Producer-consumer model

The producer-consumer model, as most programmers know, is very simple: one party as a producer keeps providing resources and the other as a consumer keeps consuming resources. To put it simply, it is like the chef and the customer in a restaurant. The chef is the producer who keeps making delicious food, and the customer is the consumer who keeps eating the food provided by the chef. In addition, producers and consumers can have one-to-one, one-to-many, many-to-one and many-to-many relationships.

So what does this model have to do with crawlers? In fact, a crawler can be considered as a producer. It constantly crawls data from the website, and the data it crawls is food. And the obtained data needs to be cleaned by consumers, absorbing useful data and discarding useless data.
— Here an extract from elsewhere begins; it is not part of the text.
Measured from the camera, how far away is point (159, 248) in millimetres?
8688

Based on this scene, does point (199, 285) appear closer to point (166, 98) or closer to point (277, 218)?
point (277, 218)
In practice, crawler and data cleaning correspond to one Thread respectively, and data is transmitted between the two threads through the sequential queue. The data transmission process is just like the process of a waiter sending food from the kitchen to the customer’s table in a restaurant. The crawl thread is responsible for crawling the website data and storing the original data in the queue. The cleaning thread reads the original data from the queue in the queue order and extracts the valid data.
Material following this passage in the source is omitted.